Set the records down again in full, with every word kept.

=====

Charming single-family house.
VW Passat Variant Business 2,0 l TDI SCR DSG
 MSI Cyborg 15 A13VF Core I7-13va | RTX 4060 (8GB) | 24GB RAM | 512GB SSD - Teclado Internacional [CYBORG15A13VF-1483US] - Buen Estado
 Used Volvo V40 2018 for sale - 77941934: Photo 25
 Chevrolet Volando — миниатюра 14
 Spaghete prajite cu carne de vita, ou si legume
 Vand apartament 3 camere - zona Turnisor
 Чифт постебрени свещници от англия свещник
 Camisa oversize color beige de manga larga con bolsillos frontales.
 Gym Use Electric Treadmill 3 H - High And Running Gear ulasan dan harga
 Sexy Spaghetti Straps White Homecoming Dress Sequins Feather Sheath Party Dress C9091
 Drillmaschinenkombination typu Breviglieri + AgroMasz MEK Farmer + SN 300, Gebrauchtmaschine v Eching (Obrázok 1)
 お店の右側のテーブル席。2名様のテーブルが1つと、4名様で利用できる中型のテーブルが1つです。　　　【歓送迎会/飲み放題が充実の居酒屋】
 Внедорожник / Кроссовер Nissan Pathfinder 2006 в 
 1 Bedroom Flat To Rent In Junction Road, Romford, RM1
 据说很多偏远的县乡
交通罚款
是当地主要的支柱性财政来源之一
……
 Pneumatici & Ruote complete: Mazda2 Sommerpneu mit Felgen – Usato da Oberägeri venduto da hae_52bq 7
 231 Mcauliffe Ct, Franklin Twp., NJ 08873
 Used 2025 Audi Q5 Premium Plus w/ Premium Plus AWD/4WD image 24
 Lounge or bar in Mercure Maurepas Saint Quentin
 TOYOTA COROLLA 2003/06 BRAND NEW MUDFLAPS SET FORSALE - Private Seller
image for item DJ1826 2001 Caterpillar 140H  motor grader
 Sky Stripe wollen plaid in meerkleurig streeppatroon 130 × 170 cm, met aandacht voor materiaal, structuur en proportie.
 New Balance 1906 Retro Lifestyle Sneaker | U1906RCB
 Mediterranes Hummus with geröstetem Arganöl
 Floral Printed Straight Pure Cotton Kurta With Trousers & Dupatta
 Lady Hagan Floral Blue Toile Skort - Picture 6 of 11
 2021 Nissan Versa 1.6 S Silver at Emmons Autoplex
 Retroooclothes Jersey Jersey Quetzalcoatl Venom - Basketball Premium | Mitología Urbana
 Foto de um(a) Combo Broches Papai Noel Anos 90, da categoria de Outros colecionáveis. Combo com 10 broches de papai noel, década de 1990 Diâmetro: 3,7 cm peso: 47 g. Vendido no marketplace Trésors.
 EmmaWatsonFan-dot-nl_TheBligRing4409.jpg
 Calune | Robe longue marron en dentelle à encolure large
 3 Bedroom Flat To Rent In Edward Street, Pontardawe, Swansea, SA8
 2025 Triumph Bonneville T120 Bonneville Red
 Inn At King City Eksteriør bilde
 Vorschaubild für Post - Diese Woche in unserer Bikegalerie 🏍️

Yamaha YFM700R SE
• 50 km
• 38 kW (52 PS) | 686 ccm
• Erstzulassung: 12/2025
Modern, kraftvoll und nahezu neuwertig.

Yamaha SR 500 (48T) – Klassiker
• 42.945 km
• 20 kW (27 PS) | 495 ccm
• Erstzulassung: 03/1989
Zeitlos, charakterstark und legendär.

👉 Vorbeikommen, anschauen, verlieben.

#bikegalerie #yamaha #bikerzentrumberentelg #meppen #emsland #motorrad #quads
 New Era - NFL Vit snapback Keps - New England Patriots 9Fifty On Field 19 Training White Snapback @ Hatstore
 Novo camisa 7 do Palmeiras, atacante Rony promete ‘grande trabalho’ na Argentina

=====

■ **Solution to the problem**:
Charming single-family house.
VW Passat Variant Business 2,0 l TDI SCR DSG
 MSI Cyborg 15 A13VF Core I7-13va | RTX 4060 (8GB) | 24GB RAM | 512GB SSD - Teclado Internacional [CYBORG15A13VF-1483US] - Buen Estado
 Used Volvo V40 2018 for sale - 77941934: Photo 25
 Chevrolet Volando — миниатюра 14
 Spaghete prajite cu carne de vita, ou si legume
 Vand apartament 3 camere - zona Turnisor
 Чифт постебрени свещници от англия свещник
 Camisa oversize color beige de manga larga con bolsillos frontales.
 Gym Use Electric Treadmill 3 H - High And Running Gear ulasan dan harga
 Sexy Spaghetti Straps White Homecoming Dress Sequins Feather Sheath Party Dress C9091
 Drillmaschinenkombination typu Breviglieri + AgroMasz MEK Farmer + SN 300, Gebrauchtmaschine v Eching (Obrázok 1)
 お店の右側のテーブル席。2名様のテーブルが1つと、4名様で利用できる中型のテーブルが1つです。　　　【歓送迎会/飲み放題が充実の居酒屋】
 Внедорожник / Кроссовер Nissan Pathfinder 2006 в 
 1 Bedroom Flat To Rent In Junction Road, Romford, RM1
 据说很多偏远的县乡
交通罚款
是当地主要的支柱性财政来源之一
……
 Pneumatici & Ruote complete: Mazda2 Sommerpneu mit Felgen – Usato da Oberägeri venduto da hae_52bq 7
 231 Mcauliffe Ct, Franklin Twp., NJ 08873
 Used 2025 Audi Q5 Premium Plus w/ Premium Plus AWD/4WD image 24
 Lounge or bar in Mercure Maurepas Saint Quentin
 TOYOTA COROLLA 2003/06 BRAND NEW MUDFLAPS SET FORSALE - Private Seller
image for item DJ1826 2001 Caterpillar 140H  motor grader
 Sky Stripe wollen plaid in meerkleurig streeppatroon 130 × 170 cm, met aandacht voor materiaal, structuur en proportie.
 New Balance 1906 Retro Lifestyle Sneaker | U1906RCB
 Mediterranes Hummus with geröstetem Arganöl
 Floral Printed Straight Pure Cotton Kurta With Trousers & Dupatta
 Lady Hagan Floral Blue Toile Skort - Picture 6 of 11
 2021 Nissan Versa 1.6 S Silver at Emmons Autoplex
 Retroooclothes Jersey Jersey Quetzalcoatl Venom - Basketball Premium | Mitología Urbana
 Foto de um(a) Combo Broches Papai Noel Anos 90, da categoria de Outros colecionáveis. Combo com 10 broches de papai noel, década de 1990 Diâmetro: 3,7 cm peso: 47 g. Vendido no marketplace Trésors.
 EmmaWatsonFan-dot-nl_TheBligRing4409.jpg
 Calune | Robe longue marron en dentelle à encolure large
 3 Bedroom Flat To Rent In Edward Street, Pontardawe, Swansea, SA8
 2025 Triumph Bonneville T120 Bonneville Red
 Inn At King City Eksteriør bilde
 Vorschaubild für Post - Diese Woche in unserer Bikegalerie 🏍️

Yamaha YFM700R SE
• 50 km
• 38 kW (52 PS) | 686 ccm
• Erstzulassung: 12/2025
Modern, kraftvoll und nahezu neuwertig.

Yamaha SR 500 (48T) – Klassiker
• 42.945 km
• 20 kW (27 PS) | 495 ccm
• Erstzulassung: 03/1989
Zeitlos, charakterstark und legendär.

👉 Vorbeikommen, anschauen, verlieben.

#bikegalerie #yamaha #bikerzentrumberentelg #meppen #emsland #motorrad #quads
 New Era - NFL Vit snapback Keps - New England Patriots 9Fifty On Field 19 Training White Snapback @ Hatstore
 Novo camisa 7 do Palmeiras, atacante Rony promete ‘grande trabalho’ na Argentina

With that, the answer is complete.